Por último, Jac Leirner oferece-nos uma série de esculturas em arranjos plásticos ou em esquemas organizados de objectos coleccionados. Em ambos os casos, remete-nos para “lembranças de uma viagem e uma âncora no tempo”[2]. Enquanto, no primeiro caso, aparenta construir uma bibliotecas de imagens, com os próprios objetos, e criticar a frivolidade e a quantidade dos mesmos; na segunda situação, parece sublinhar a importância da cultura material na memória individual e cultural. Num mundo, de facto, global, onde a travessia mundial pode ser feita na medida de horas, será a antropologia da vida material o método ideal à reconstrução das travessias invisíveis e das afinidades construídas? Segundo a artista, depende do (também seu) arquivo pessoal, pois o institucional, com todo o peso do capital, não cumprirá a tarefa memorial. Fá-lo a artista por meio de cartões de visita de taxistas, lápis de souvenirs, máscaras e stickers — num conflito entre a preciosidade e a inutilidade de uma certa cultura material: “trés chique. Boring. Bêtise. But why? A simpatia e a revolta convivem na cidade e naquele que sobreviveu às mós da dor e da dúvida”[3]. Se não conseguirem apanhar as bitcoins perdidas no chão, não se preocupem, a artista também constrói um picotado nas paredes onde expõe as obras, e se as conseguirem rasgar levam metade das paredes para casa!

A transgressão d’Uma Certa Falta de Coerência é na verdade trans-fronteiriça, visto que já tem um pé dentro da areia movediça do espaço institucional. Ainda assim, esse lugar liminar continua a permitir a fuga às convenções e a denuncia às instituições: “e então a população percebe que, mais vale perder algumas ovelhas para o lobo, do que ter as plantações continuamente destruídas pelos javalis. O lobo não é mau e confunde-se com um estrangeirado que regressa a casa sem que o reconheçam”[4]. Será Uma Certa Falta de Coerência o Lobo da esfera institucional?

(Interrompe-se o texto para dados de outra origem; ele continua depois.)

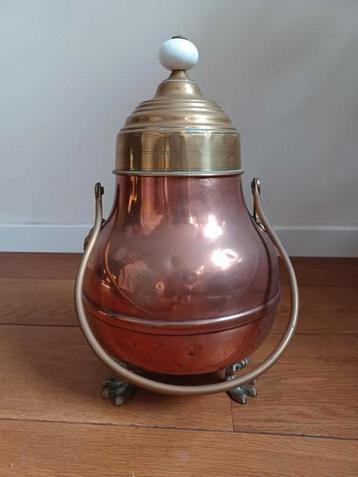 Elegante koperen ketel 35cm hoog x 21cm rond doorsnee beschikbaar voor biedingen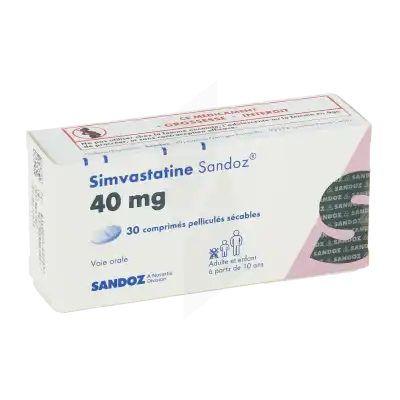 Simvastatine Sandoz 40 Mg, Comprimé Pelliculé Sécable à Nice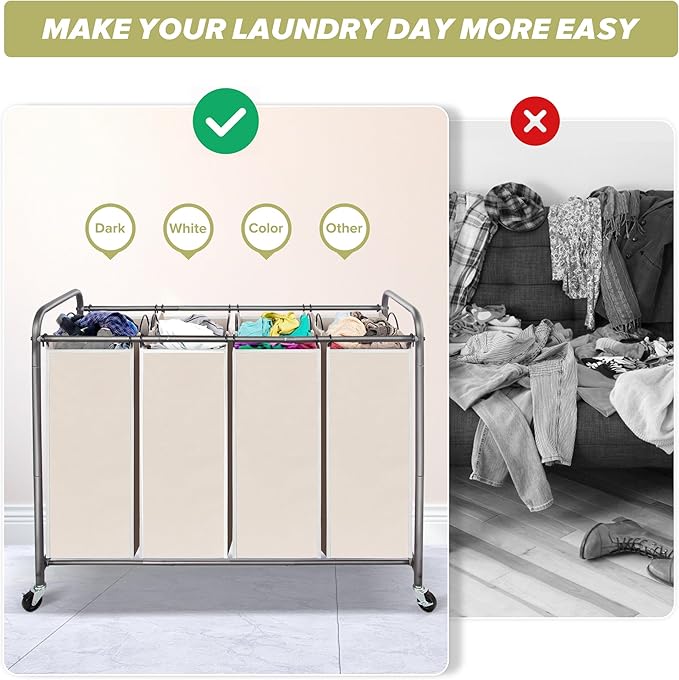 Laundry Sorter Hamper with Wheels, Heavy-Duty Laundry Sorter Rolling Cart, Lockable Wheels and Removable Bags, 4 Sections, Beige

Acloc Oclock, com a curadoria de Uma Certa Falta de Coerência e obras de Babi Badalov, Jac Leirner e Stephan Dillemuth, está patente na Fidelidade Arte Lisboa até 3 de Janeiro de 2025.

Nota: A autora não escreve ao abrigo do AO90.

 

[1] Jameson, Fredric. Thee Seeds of Time. Nova Iorque: Columbia University Press, 1994, p. xii; e “Future City”, New Left Review, 21 de Maio/Junho, 2003, p. 76.
[2] Retirado da folha de sala.
[3] Retirado da folha de sala.
[4] Retirado da folha de sala.

Benedita Salema Roby (n. 1997). Investigadora e Escritora. Doutoranda em Estudos Artísticos: Arte e Mediações, na Faculdade de Ciências Sociais e Humanas da Universidade NOVA de Lisboa. Mestre em Estética e Estudos Artísticos e Licenciada em História da Arte, pela mesma instituição. Neste momento encontra-se a realizar uma investigação acerca da correlação entre o graffiti (escrita criativa transgressiva) e a construção da esfera contra-pública e proletária, na cidade de Lisboa. Tem colaborado em projetos independentes com fotógrafos e writers, como é o caso do recente foto-livro da artista Ana Moraes aka. Unemployed Artist, Lisboa e Reação: Pixação não É Tag.